At the end of the email in question was the following item: “In Scotland, a new game was invented. It was entitled ‘Gentlemen Only Ladies Forbidden’…and thus the word GOLF entered the English language.”

“Hah!” I say. And a second “Hah!”

Despite wide ranging assertions to the contrary showing up, no doubt, in emails and cocktail parties across the country, there is no word that originated from an acronym and became accepted as part of our language prior to the 20th century. (Note: One of the earliest words that originated from an acronym and is now an accepted part of speech is the word posh, which stood for “port out, starboard home” – the preferred berthing arrangement for ships crossing the English channel to and from France, the sunny side of the ship.).
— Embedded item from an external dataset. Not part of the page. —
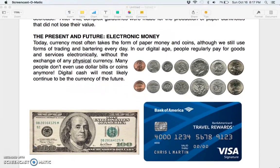The present and future: electronic money. Today, currency most often takes the form of paper money and coins, although we still use forms of trading and bartering every day. In our digital age, people regularly pay for goods and services electronically without the exchange of any physical currency. Many people don't even use dollar bills or coins anymore, and digital cash will most likely continue to be the currency of the future.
The word golf first appeared in written form in 1425. Keeping in mind that the modern game of golf was invented in Scotland (in 1525 with the construction of St. Andrews), the most likely origin of our modern word is the Scottish word goulf (sometimes spelled gowf, among other variations) which meant “to strike or cuff,” i.e. to strike the ball.

The same email adds another peculiar item: “If a statue in the park of a person on a horse has both front legs in the air, the person died in battle. If the horse has one front leg in the air, the person died as a result of wounds received in battle. If the horse has all four legs on the ground, the person died of natural causes.”
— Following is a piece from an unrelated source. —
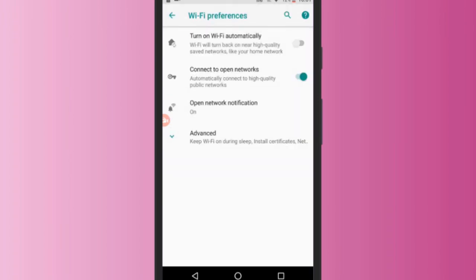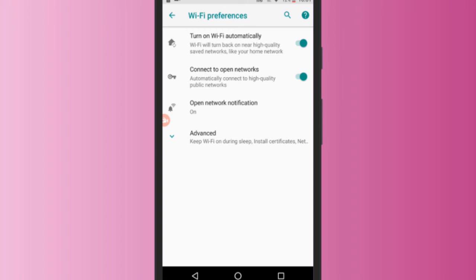Here you will see the option turn on Wi-Fi automatically. Simply turn on this option. After doing this, your phone will automatically connect to any saved network even if your Wi-Fi is off.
Triple “Hah!” I say. And even a quadruple “Hah!”

There is absolutely no basis for this assertion whatsoever; unless you want to take into account the statistical odds that this is correct at least some of the time.

Washington, D.C. has more equestrian statues than any other city in the country, yet the email’s assertions are only correct in 10 of over 30 statues. In other words, Washington, D.C.’s equestrian statues fit the “died by” theorem 33 percent of the time. Not so remarkably, the odds of a statue fitting the pattern outlined in the email are exactly 1 in 3, or 33 percent. Anyone out there surprised?
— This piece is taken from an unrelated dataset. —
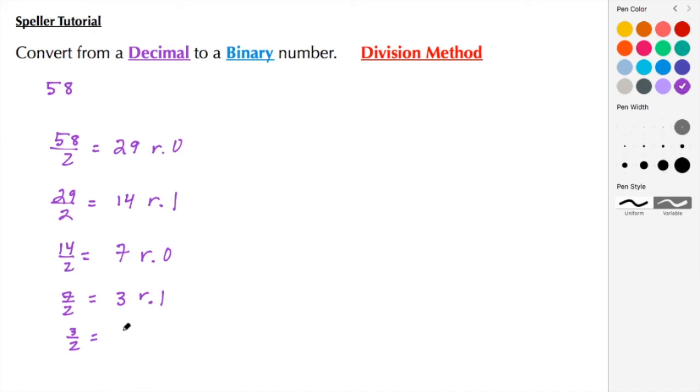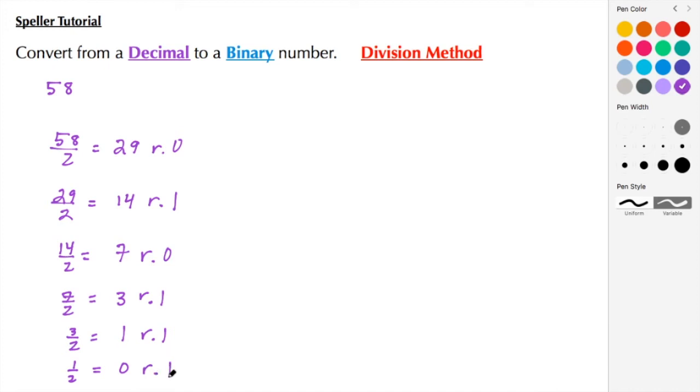3 divided by 2 is 1, leaving me with a remainder of 1. I'm going to take this quotient of 1, and 1 divided by 2 is 0, leaving me with a remainder of 1.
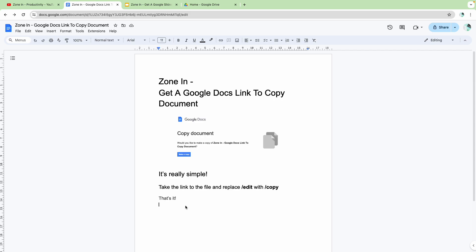Hello there and welcome back to another Zone In video. Today I'm going to show you a really useful trick or hack,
And then there is the item that asserts, “At one point in time, Coca-Cola was actually green in color.” This isn’t even worth a “Hah!” – it’s simply stupid.

Coca-Cola has always had its distinctive caramel color. In the early days, when Coca-Cola was made in small batches in the backroom by a moonlighting chemist, the brown coloration was important in masking impurities in the liquid – something that, in our day and age, is no longer a concern, thankfully.

The most likely explanation for this bit of stupidity is that Coca-Cola has, at various times, been bottled in green glass (even I remember those days).

Lastly, the email in question contained the following tidbit: “Each king in a deck of playing cards represents a great king from history: Spades, King David; Hearts, Charlemagne; Clubs, Alexander the Great; and Diamonds, Julius Caesar.” Remarkably, folks, this is…actually true! But if you really want to impress people with completely useless information here’s the rest of the story.

The designation for the kings listed above is for the Parisian Pattern of cards. The other prevalent pattern of cards in the western world (and the pattern that is the ancestor of the Anglo-American cards) is the Rouennais. In this pattern, Alexander is the model for the Hearts and Charlemagne is the model for the clubs.

What about the queens? There is some debate about the actual identities of the ladies but a convincing argument has been put forth that states the queens in the Rouennais pattern are as follows: Hearts is Ragnel; Spades is Pallas; Diamonds is Argeia; and Clubs is Judith.

Unlike their male counterparts, the queens are somewhat obscure. So, for clarification sake, Ragnel was the wife of Gawain, a knight of Arthur’s Round Table; Pallas was a warrior goddess (also known as Athena to the Greeks and Minerva to the Romans); Judith was the slayer of General Holofernes in the Apocrypha; and Argeia was a legendary warrior princess from Argos.

And just for completeness sake, before I head off to bed this Sunday night, the Jacks are as follows: Hearts is Aulus Hirtius, a comrade of Julius Caesar; Spades is Hector, the prince of Troy; Diamonds is Ogier, a loyal knight in the service of Charlemagne; and Clubs is Judas Maccabee who led the Jewish revolt against the Syrians.

So there you have it, folks. And if you managed to read this entire column you have just discovered the second reason (the first reason being that I haven’t consumed alcohol in 15 years) why I am seldom (if ever) invited to cocktail parties.